Planning commission moves rental recommendations to council

Garrett Neese/Daily Mining Gazette Houghton City Manager Eric Waara, seen next to Planning Commission member Kristine Bradof, discusses a commission subcommittee report on the city’s rental ordinance at Tuesday’s commission meeting.

HOUGHTON — A report with recommended changes to Houghton’s rental housing ordinance is going to the city council.

The Houghton Planning Commission approved sending a subcommittee report of rental housing to the council at its meeting Tuesday.

In February, the council approved letting the commission consider changes to the city’s rental policies as part of revising of the city’s five-year master plan.

The report includes revising the ordinance to make it clearer and better-organized. On parking and occupancy issues, much of it comes down to enforcement, Waara said.

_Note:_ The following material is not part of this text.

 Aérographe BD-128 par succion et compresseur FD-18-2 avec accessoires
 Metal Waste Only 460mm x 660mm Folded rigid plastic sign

“Thoroughly enforcing housing codes and ordinances … throughout the city will keep property values up, benefiting homeowners, landlords and occupants,” the report said. “If codes and ordinances are more thoroughly enforced, it will not matter if property is renter or owner occupied.”

The ordinance would be revised to spell out the requirements for approving the license, as well as the conditions and steps for revoking it.

Steps would also be taken to educate the public about issues such as grandfathered rentals, which may include provisions that would no longer be permissible under current code. Waara said he encountered confusion on the topic at an open house for the city’s master plan.

“One guy said, ‘I’ve been mad all these years because I thought you just let that go, and that’s just what the license says,'” Waara said.

The report will be forwarded to the city council for discussion. If the council approves, the planning commission will move forward with recommendations for changes to the ordinance.

Trimmed from the draft version presented in July was a recommendation to hire a second code enforcement officer. Instead, Waara said, the city will look at using the existing officer more effectively by moving inspections for properties found to be in compliance to every other year.

“We could hire 10 code enforcement people and chase code violations,” he said. “Part of what we need to do is change the culture in the city versus worrying about writing people tickets.”

Waara said the city has already made progress on issues through means such as its adoption of the International Property Maintenance Code.

“It didn’t happen overnight, we can’t fix it overnight,” he said. “It took a long time for it to get there, and it’s going to take us a while, but at least we’re moving in the right direction.”

Resident Doug Terrell thanked the subcommittee for its work in assembling the recommendations.

“We also believe everybody that sat in on these meetings has the best for Houghton in their hearts, and we hope everyone will always be open to listening the others’ ideas,” he said.